Agradeço de coração a quantos me acolheram como amigo, irmão e peregrino. A todos asseguro a minha lembrança na oração. Do mesmo modo, acompanho com particular afecto o dilecto povo chinês, que tive particularmente presente na recente comemoração do 400° aniversário da chegada a Pequim, de Padre Mateus Ricci, célebre filho da Companhia de Jesus.

Sem ignorar as dificuldades e também os sofrimentos que às vezes marcam o caminho, volto a afirmar aqui a minha profunda convicção de que o caminho do conhecimento recíproco e, onde é possível, da oração conjunta, é a vereda privilegiada para o entendimento, a solidariedade e a paz.
A sombra do terrorismo e das tensões na Terra Santa

6. A sombra do trágico atentado terrorista de Nova Iorque, da resposta armada no Afeganistão e da recrudescência das tensões na Terra Santa entristeceu estes últimos meses do ano. Diante desta situação, os discípulos de Cristo, Príncipe da Paz (cf. Is 9, 5), são chamados a proclamar constantemente que cada forma de violência terrorista ofende a santidade de Deus e a dignidade do homem, e que a religião jamais pode tornar-se motivo de agressão bélica, de ódio e de prepotência. Renovo o meu premente convite a todos os homens de boa vontade, a não poupar esforços em ordem a encontrar soluções equitativas para os múltiplos conflitos que assediam o mundo e para assegurar a todos um presente e um futuro de paz. Não nos devemos esquecer que "não há paz sem justiça, não há justiça sem perdão!" (Mensagem para o Dia Mundial da Paz, 1 de Janeiro de 2002).

Porém, antes de ser fruto dos esforços humanos a paz verdadeira é um dom de Deus:  com efeito, Jesus Cristo "é a nossa paz. De dois povos, Ele fez um só. Na sua carne, derrubou o muro da separação" (Ef 2, 14). Dado que "aquilo que a oração pede, é o jejum que o obtém e a misericórdia que o recebe, e estes três, a oração, o jejum e a misericórida, são uma só coisa e recebem vida um do outro" (São Pedro Crisólogo, Sermo 43:  PL 52, 320), desejei propor aos filhos da Igreja um dia de penitência e de solidariedade no passado dia 14 de Dezembro.
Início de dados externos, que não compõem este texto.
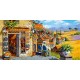 Castorland C400171 Colours of Tuscany Jigsaw Puzzle (4000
Em continuidade espiritual, no próximo dia 24 de Janeiro voltaremos a interperlar Aquele, o único que é capaz de derrubar os muros da imizade que separam os homens:  na cidade de São Francisco, os representantes das religiões do mundo, em particular os cristãos e os muçulmanos, elevarão a sua premente prece pela superação das contraposições e pela promoção da paz autêntica.

Agradeço a todos aqueles que, nas diversas regiões da terra, se unem neste exercício penitencial:  o fruto do seu sacrifício servirá para aliviar os sofrimentos de muitos irmãos e irmãs inocentes, provados pela dor. Em seguida convido-os, e de maneira especial a vós, caros membros da Cúria Romana e do Vicariato de Roma, a unir-vos espiritualmente à oração que se recitará em Assis, a fim de que o mundo conheça dias de paz.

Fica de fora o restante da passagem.